Task data:
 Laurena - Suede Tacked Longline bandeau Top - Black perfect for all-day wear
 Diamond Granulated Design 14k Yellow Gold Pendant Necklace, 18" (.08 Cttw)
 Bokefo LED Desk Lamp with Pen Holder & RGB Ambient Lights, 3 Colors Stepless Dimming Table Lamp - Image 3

--

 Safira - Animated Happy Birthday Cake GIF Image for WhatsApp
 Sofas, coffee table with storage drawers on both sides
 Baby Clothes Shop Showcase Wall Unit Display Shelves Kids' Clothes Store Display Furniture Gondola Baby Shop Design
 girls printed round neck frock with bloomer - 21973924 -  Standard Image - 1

Task to carry out: The lines above from the one containing "Sofas, coffee table" through the one containing "girls printed round" are to be set down exactly, and no others.

Exercise output:
 Sofas, coffee table with storage drawers on both sides
 Baby Clothes Shop Showcase Wall Unit Display Shelves Kids' Clothes Store Display Furniture Gondola Baby Shop Design
 girls printed round neck frock with bloomer - 21973924 -  Standard Image - 1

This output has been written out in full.